Oleh : Asyari Usman*
Alarm di rumah Golkar sedang menyala keras. Ada yang mau masuk paksa. Tujuannya untuk menyingkirkan Ketua Umum Airlangga Hartarto.
Ada apa dengan Airlangga? Sebenarnya tidak ada apa-apa. Cuma, bisa jadi sudah tercium manuver beliau untuk mendukung Anies Baswedan.
Tiba-tiba saja, di acara “Rosi” di KompasTV (Jumat, 21 Juli 2023), Menko Marinvest Luhut Panjaitan mengatakan dia siap menjadi ketua umum Golkar melalui Munaslub. Syaratnya satu: tidak berkelahi dengan Airlangga.
Tentu saja syarat ini tidak mungkin terpenuhi. Dalam arti, mana mungkin memaksa Airlangga mengundurkan diri. Beliau tidak akan lakukan itu. Karena itu, penyingkiran Airlangga akan menyulut perang saudara di Golkar.
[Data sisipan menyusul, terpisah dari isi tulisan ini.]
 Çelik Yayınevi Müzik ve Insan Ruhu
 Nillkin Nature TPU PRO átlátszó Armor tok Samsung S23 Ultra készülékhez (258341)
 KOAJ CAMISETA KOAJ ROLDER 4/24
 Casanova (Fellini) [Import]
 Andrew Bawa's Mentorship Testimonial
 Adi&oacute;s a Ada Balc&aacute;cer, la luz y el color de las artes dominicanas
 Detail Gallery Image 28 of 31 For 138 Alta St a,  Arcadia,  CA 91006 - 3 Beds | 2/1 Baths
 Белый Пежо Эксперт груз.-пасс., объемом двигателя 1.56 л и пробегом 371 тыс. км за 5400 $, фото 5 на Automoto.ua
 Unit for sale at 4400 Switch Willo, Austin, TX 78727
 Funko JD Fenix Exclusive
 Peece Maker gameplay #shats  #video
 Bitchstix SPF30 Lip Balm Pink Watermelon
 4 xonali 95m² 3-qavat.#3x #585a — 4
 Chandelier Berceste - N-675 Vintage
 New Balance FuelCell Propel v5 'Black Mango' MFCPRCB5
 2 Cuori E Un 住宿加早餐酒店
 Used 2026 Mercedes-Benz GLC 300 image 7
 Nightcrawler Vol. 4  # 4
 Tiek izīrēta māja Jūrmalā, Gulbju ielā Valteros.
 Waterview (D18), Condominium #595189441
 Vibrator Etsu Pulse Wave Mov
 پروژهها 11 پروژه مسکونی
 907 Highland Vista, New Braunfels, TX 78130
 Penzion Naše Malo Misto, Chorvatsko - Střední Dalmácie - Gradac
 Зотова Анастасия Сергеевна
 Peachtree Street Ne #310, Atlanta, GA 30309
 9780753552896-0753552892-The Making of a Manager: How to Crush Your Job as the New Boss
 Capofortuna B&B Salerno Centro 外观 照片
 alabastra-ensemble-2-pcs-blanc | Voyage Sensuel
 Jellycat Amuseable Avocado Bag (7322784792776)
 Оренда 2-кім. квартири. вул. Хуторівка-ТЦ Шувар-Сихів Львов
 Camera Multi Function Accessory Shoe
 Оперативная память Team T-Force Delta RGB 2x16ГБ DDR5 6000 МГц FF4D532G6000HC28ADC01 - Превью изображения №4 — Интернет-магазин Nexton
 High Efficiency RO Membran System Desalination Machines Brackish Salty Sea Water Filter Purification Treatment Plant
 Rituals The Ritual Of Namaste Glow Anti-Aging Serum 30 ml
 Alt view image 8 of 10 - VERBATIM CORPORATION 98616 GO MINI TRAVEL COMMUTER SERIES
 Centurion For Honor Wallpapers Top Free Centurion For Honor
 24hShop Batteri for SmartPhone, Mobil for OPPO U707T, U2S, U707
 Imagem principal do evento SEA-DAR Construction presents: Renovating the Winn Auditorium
Tapi, para penguasa licik menggunakan cara lain yang sangat bejat. Airlangga akan dikriminalisasikan. Dijadikan tersangka. Kemungkinan dugaan korupsi CPO. Kejaksaan Agung sudah memanggilnya untuk diperiksa. Kalau akhirnya menjadi tersangka, maka secara prosedural Airlangga dipaksa meletakkan jabatan. Inilah pintu Munaslub Golkar.
Airlangga menegaskan, tidak akan ada Munaslub. Dia berkata, bagi yang berminat menjadi ketum silakan tunggu Munas 2024.
Tapi, harap diingat, para penguasa yang tak sudi Anies punya banyak cara. Bisa keras, bisa tidak. Yang penting, Airlangga tersingkir.
Orang yang berposisi seperti Luhut Panjaitan hampir pasti bisa membuat Munaslub terlaksana. Airlangga bisa tak berkutik.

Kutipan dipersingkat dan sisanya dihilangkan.